BATAVIA, Ohio (AdAge.com) -- Simon Clift is a hard act to follow as Unilever's chief marketing officer. But Keith Weed, who set out to do that in April, is doing it with some added power.
Like Mr. Clift, he reports to CEO Paul Polman. But Mr. Weed's position comes with an appointment to Unilever's executive board alongside top regional and category bosses and formally expanded duties over the whole range of the company's communications and sustainability efforts.
Mr. Weed wants Unilever, second only to Procter & Gamble Co. in global ad spending and largest outside the U.S. with total spending of $7.4 billion last year, to be seen as a marketer with as much skill as clout. Being named the Cannes Lions International Advertising Festival's Marketer of the Year this month helps. But to that end he also took the company's business-unit leaders on a trip to Silicon Valley in May; will look outside the company to bring in talent in such areas as mobile; and is pushing Unilever agencies to broaden their capabilities.
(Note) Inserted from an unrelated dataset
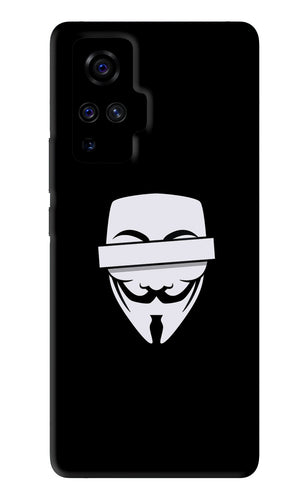 Anonymous Face Vivo X50 Pro Back Skin Wrap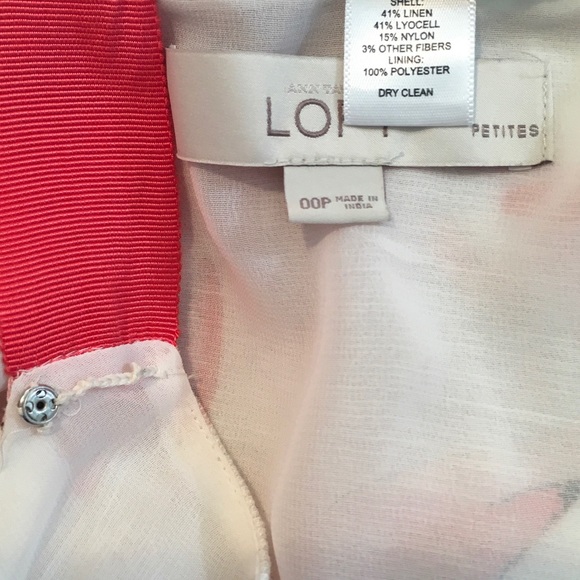 LOFT empire crinkle floral print mini dress - Picture 8 of 8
Ad Age: How would you characterize your global go-to-market strategy?
Mr. Weed: We have two very distinct focuses in our business. One we call brand development and the other we call brand building. Brand development is in charge of the brand positioning, the brand advertising and indeed the innovation packaging [around the world]. There are more similarities between the Axe consumer in Wisconsin, Mumbai, Rio and Shanghai than there is between the Axe consumer in Wisconsin and [his] mom, the sister and uncle. On the other side we have brand building. The brand builders are very much in a country so they are engaging with consumers and, importantly, retailers and ensuring we are very active in any local media. When both come together, that's marketing.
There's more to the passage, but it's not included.